Channeling my inner Julia, I did something I never do: made up dinner. I say I am a decent cook, but really I'm a recipe follower. The other night, though, I needed to make something happen in our makeshift kitchen, and no recipe was available. I had a package of Buitoni tortellini in the fridge, but I don't have a range upon which to boil a large pot of water. I looked for recipes online that involved baking said pasta, but all called for boiling it first. Oh well, I thought, and went for it anyway. Here is the result:
Baked Tortellini with Bacon
4 slices bacon
1/4 - 1/2 small onion, chopped
1 garlic clove, minced
1 zucchini, diced (increase to two or three small zucchini next time)
6-10 grape tomatoes, quartered (increase these as well)
1/2 - 1 cup low-sodium chicken broth
20-oz package refrigerated three-cheese tortellini
10 turkey pepperoni, quartered (could leave these out)

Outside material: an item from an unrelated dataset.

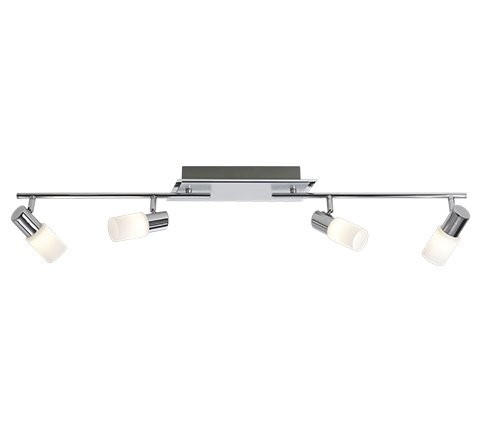 Trio 821410405 Clapton LED Stropní svítidlo | Teplá bílá | 4x5W | Chrom | Kov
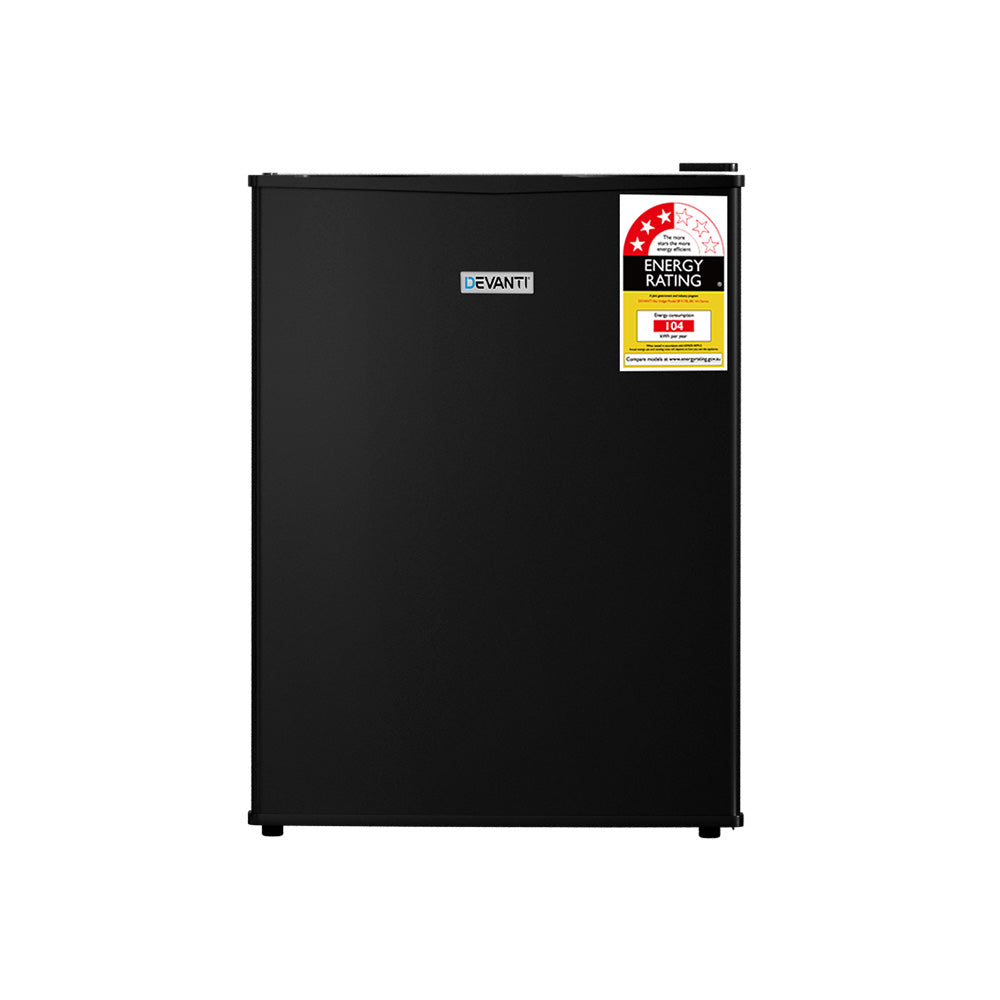 Devanti 70L Bar Fridge Black - RV Online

Shredded cheese (I only had cheddar but would definitely use mozzarella next time)
Parmesan and fresh basil to garnish
1. Preheat oven to 350 degrees. Prepare medium casserole dish.
2. In medium skillet, fry bacon until crisp. Set aside to cool/drain; crumble. Do not drain off bacon grease. Spread tortellini evenly over bottom of casserole.
3. In warm bacon grease (medium-high heat), saute onion and garlic until softened. Add zucchini and tomatoes, and saute until cooked through. Pour chicken broth over all and deglaze pan. Allow to boil for a few moments and then pour broth and vegetables over tortellini. Stir to mix well.
4. Stir in bacon (or sprinkle on top if you prefer it to stay crisp). Sprinkle top with shredded cheese.
5. Cover and bake at 350 for 20-30 minutes. Top with grated or fresh shredded parmesan and fresh basil.